Abstract

For a metrizable topological space X it is well known that in general the Čech-Stone compactification β(X) or the Wallman compactification W(X) are not metrizable. To remedy this fact one can alternatively associate a point-set distance to the metric, a so called approach distance. It is known that in this setting both a Čech-Stone compactification β*(X) and a Wallman compactification W*(X) can be constructed in such a way that their approach distances induce the original approach distance of the metric on X [23], [24].

The main goal in this paper is to formulate necessary and sufficient conditions for an approach space X such that the Čech-Stone compactification β*(X) and the Wallman compactification W*(X) are isomorphic, thus answering a question first raised in [24]. The first clue to reach this goal is to settle a question left open in [11], to formulate sufficient conditions for a compact approach space to be normal. In particular the result shows that the Čech-Stone compactification β*(X) of a uniform T₂ space, is always normal. We prove that the Wallman compactification W*(X) is normal if and only if X is normal, and we produce an example showing that, unlike for topological spaces, in the approach setting normality of X is not sufficient for β*(X) and W*(X) to be isomorphic. We introduce a strengthening of the regularity condition on X, which we call ideal-regularity, and in our main theorem we conclude that X is ideal-regular, normal and T₁ if and only if X is a uniform T₁ approach space with β*(X) and W*(X) isomorphic. Classical topological results are recovered and implications for (quasi-)metric spaces are investigated.

摘要

对于可度量的拓扑空间X，众所周知，通常 Čech-Stone 紧化β ( X ) 或 Wallman 紧化W ( X ) 是不可度量的。为了弥补这一事实，人们可以选择将点集距离与度量相关联，即所谓的接近距离。众所周知，在这种情况下，Čech-Stone 紧化β *( X ) 和 Wallman 紧化W *( X ) 都可以以这样的方式构造，即它们的接近距离会导致X上度量的原始接近距离[23 ]，[24]。

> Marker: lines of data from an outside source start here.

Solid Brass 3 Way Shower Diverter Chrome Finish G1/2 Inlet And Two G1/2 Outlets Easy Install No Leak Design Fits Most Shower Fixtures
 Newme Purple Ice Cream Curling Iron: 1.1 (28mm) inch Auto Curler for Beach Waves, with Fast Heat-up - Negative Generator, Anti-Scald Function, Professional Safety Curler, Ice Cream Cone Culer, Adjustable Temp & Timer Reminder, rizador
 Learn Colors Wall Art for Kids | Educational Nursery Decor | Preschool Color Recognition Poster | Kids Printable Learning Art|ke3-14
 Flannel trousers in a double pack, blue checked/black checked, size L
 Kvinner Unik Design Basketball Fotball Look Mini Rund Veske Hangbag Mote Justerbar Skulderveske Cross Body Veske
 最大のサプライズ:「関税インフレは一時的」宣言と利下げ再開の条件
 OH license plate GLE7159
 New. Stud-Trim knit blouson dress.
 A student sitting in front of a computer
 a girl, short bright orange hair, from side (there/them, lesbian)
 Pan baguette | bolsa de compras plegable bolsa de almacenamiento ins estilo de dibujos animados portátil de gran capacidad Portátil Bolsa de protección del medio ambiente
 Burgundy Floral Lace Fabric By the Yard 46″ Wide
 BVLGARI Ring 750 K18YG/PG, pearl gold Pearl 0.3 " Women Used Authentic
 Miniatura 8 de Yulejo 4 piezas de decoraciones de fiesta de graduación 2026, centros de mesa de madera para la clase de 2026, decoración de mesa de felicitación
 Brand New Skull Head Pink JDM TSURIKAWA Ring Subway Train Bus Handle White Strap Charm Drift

本文的主要目标是为逼近空间X制定必要和充分条件，使得 Čech-Stone 紧化β *( X ) 和 Wallman 紧化W *( X ) 是同构的，因此回答了在 [ 24]。达到这个目标的第一个线索是解决 [11] 中未解决的问题，为紧凑的逼近空间正常制定充分的条件。特别是结果表明，均匀T _{2空间的 Čech-Stone 紧化}β *( X )总是正常的。我们证明了 Wallman 紧化W *( X) 是正规的当且仅当X是正规的，并且我们产生一个例子表明，与拓扑空间不同，在方法中，设置X的正规性不足以使β *( X ) 和W *( X ) 是同构的。我们在X上引入了一个强化的正则性条件，我们称之为理想正则性，并且在我们的主要定理中，我们得出结论，当且仅当X是具有 β的均匀T _{1逼近空间时，} X是理想正则、正态和T ₁ *( X ) 和W *( X） 同构。恢复了经典拓扑结果并研究了（准）度量空间的含义。